If you’re considering asking your boss for a promotion, prepare to negotiate. The burden of proof is on you, so you’ll need to make a strong case illustrating why you deserve a better position. You must also understand what your boss is looking for and what you can offer that no other employee can.
Offer compelling evidence that you contribute enough to the organization to merit a more prestigious job title. If you take on responsibilities that exceed your job duties, write a list describing what you do every day. Draw your supervisor’s attention to the fact that you’re already performing many of the duties required for the job you want. For example, perhaps you already oversee projects or manage personnel. Or, maybe you’ve made changes that significantly increased sales or improved productivity. Be specific as you can, noting the dollar amount you brought in last year or the number of clients who signed on because of your efforts.
Prove to your boss that you know what the promotion requires and that you’re ready to move up. Get a copy of the official job description for the position you’re seeking. In many cases your Human Resources department can provide you with this information. Review the description point-by-point and note how you match these requirements. If you’re vying for a management position, for example, describe instances in your current position where you successfully led projects or managed small teams. If the job requires extensive client interaction, mention previous experience working one-on-one with clients and point out the strong relationship you formed with them and their satisfaction with your work.
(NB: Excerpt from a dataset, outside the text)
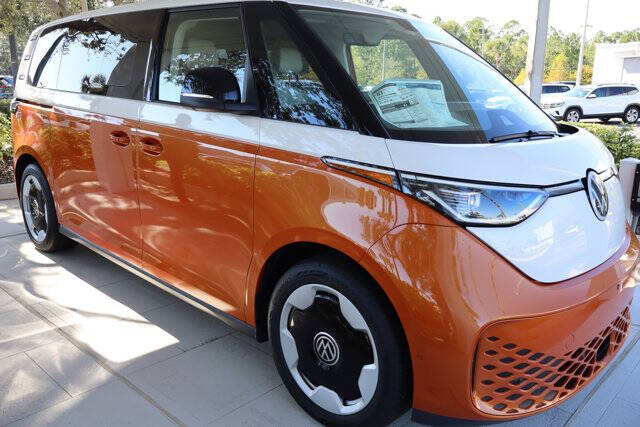 2025 Volkswagen ID. Buzz Pro S Plus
Do your homework before you ask for a promotion. If there are limited opportunities for advancement, the organization might prefer to promote someone who’s been with the company longer. Also, review industry standards regarding work experience and qualifications. For example, even if you’ve consistently gone above and beyond your job duties, your boss might not feel comfortable assigning you more responsibility if you graduated just a few months ago and the position you’re seeking typically requires several years of experience.
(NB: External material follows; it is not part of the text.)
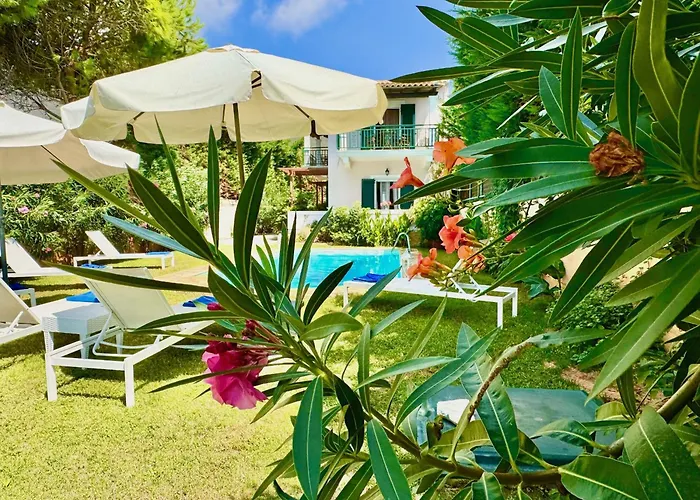 Beachfront Rania With Private Pool By Dadovillas Villa *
Don’t ask for a promotion on the spur of the moment. Instead, spend time planning your strategy and wait for the ideal moment to approach your boss. For example, you might have better luck asking during your annual review, when your boss is already thinking about your role at the company and noting what you’ve accomplished during the previous year. Or, your boss might be more open to discussing a promotion at the beginning of the fiscal year, especially if the promotion requires a raise. He might have just received a new budget and have more flexibility regarding how he spends the department’s money.